→ **DIRECTIONS FOR THIS TASK**:
Your job is to set down the stretch of entries that opens with the line containing "House in Anna" and closes with the line containing "Foto motor bedekt". Keep both end lines, copy each exactly, and add nothing.
====== RECORDS FOR PROCESSING ======
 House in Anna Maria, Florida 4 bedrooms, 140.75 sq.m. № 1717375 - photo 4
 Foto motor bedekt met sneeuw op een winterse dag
======
====== RECORDS FOR PROCESSING ======
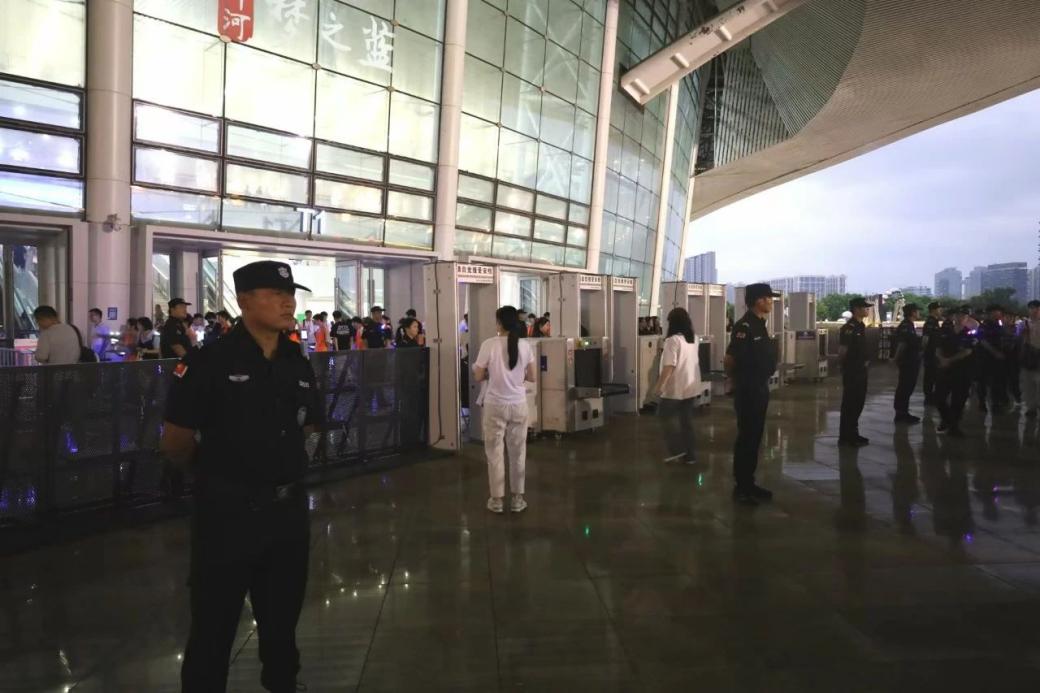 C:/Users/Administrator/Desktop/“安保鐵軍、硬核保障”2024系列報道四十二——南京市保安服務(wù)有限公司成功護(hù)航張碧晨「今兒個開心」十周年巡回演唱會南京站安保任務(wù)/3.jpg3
======
====== RECORDS FOR PROCESSING ======
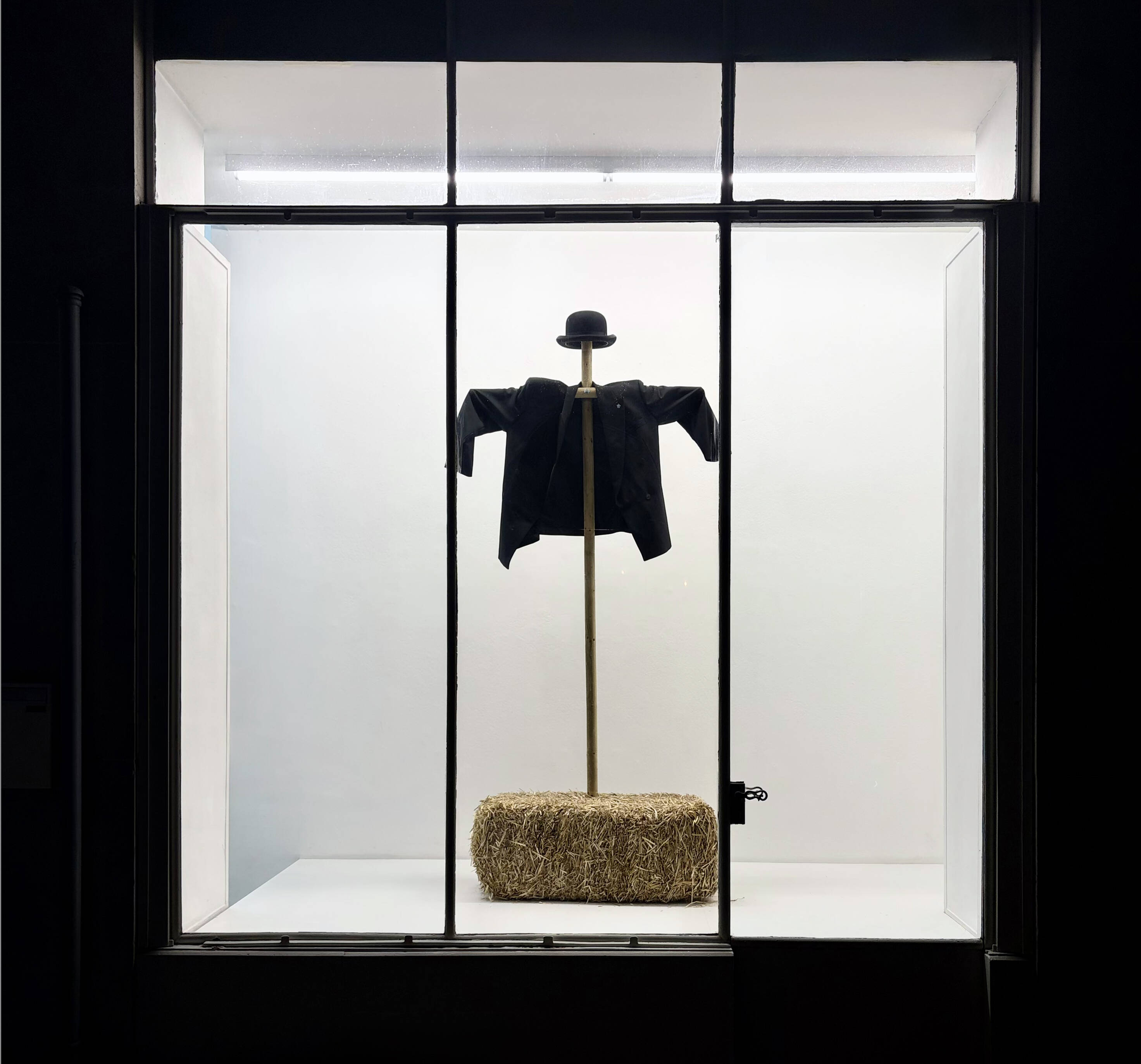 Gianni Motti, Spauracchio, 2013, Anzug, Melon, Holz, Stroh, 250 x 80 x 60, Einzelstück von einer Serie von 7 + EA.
======
→ **ANSWER**:
 House in Anna Maria, Florida 4 bedrooms, 140.75 sq.m. № 1717375 - photo 4
 Foto motor bedekt met sneeuw op een winterse dag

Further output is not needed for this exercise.